Eryüksel (1996) tarafından yapılan araştırmada anne-baba ve ergen ilişkilerinin problem çözme iletişim becerileri, bilişsel çarpıtmalar ve aile yapısı açısından incelenmesi amaçlanmıştır. 12–18 yaşları arasında, orta sosyo-ekonomik düzeydeki ailelerden gelen 429 ergen, 254 anne ve 204 baba olmak üzere 887 kişi ile yapılan bu araştırma anne-baba ve ergen arasındaki ilişkileri davranışsal-aile sistemleri modeli doğrultusunda incelemek amacıyla, problem çözme iletişim becerileri, bilişler, içselleştirilmiş inançlar ve aile yapısı ile ilgili kavramların değerlendirilmesine yarayan PARQ (Anne Baba Ergen İlişkileri Envanteri) uygulanmıştır. Aynı zamanda, ölçeğin geçerlik-güvenirlik çalışması da yapılmıştır. Ölçeğin geçerli ve güvenilir olduğu saptandıktan sonra veri toplama aracı olarak kullanılmıştır. Sonuç olarak, anne-baba-ergen arasındaki ilişkilerde cinsiyetin etkisi olduğu görülmüştür. Psikiyatrik örneklemdeki ergenlerin normal ergenlere göre anne-baba ilişkilerinde daha çok çatışma, problem çözme ve iletişim beceri yetersizlikleri ifade ettikleri görülmüştür. Normal örneklemde eğitim düzeyi düşük anne-babaların açık çatışma/beceri yetersizlikleri, aile yapısı ve bilişlerle ilgili alt ölçeklerde daha sorunlu anne-baba-ergen ilişkileri belirttikleri görülmüştür. Psikiyatrik örneklemde eğitim düzeyi yüksek olan babaların, problem çözme becerilerinde yetersizlik bildirdikleri ve ayrıca bu babaların ailelerini daha az olumlu gördükleri/gösterdikleri ortaya çıkmıştır.
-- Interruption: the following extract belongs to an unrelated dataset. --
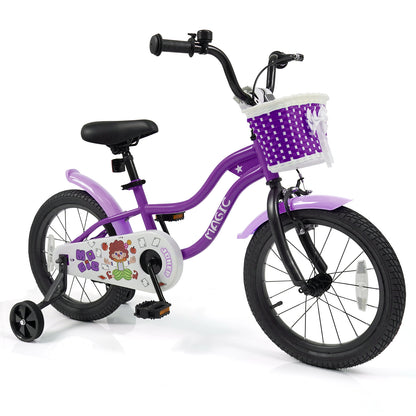 16 Inch Kids Bike with Training Wheels for Aged 4-7 Years Old - Magic Purple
Problem çözme ve problem çözme becerilerine yönelik olarak yapılan araştırmalar dikkatle incelendiğinde, araştırmaların daha çok lise düzeyinde yapıldığı, okulöncesi dönemde çok fazla araştırma yapılmadığı anlaşılmaktadır. Yapılan araştırmaların da daha çok problem çözme becerilerini etkileyen etmenler üzerinde yoğunlaştığı görülmektedir.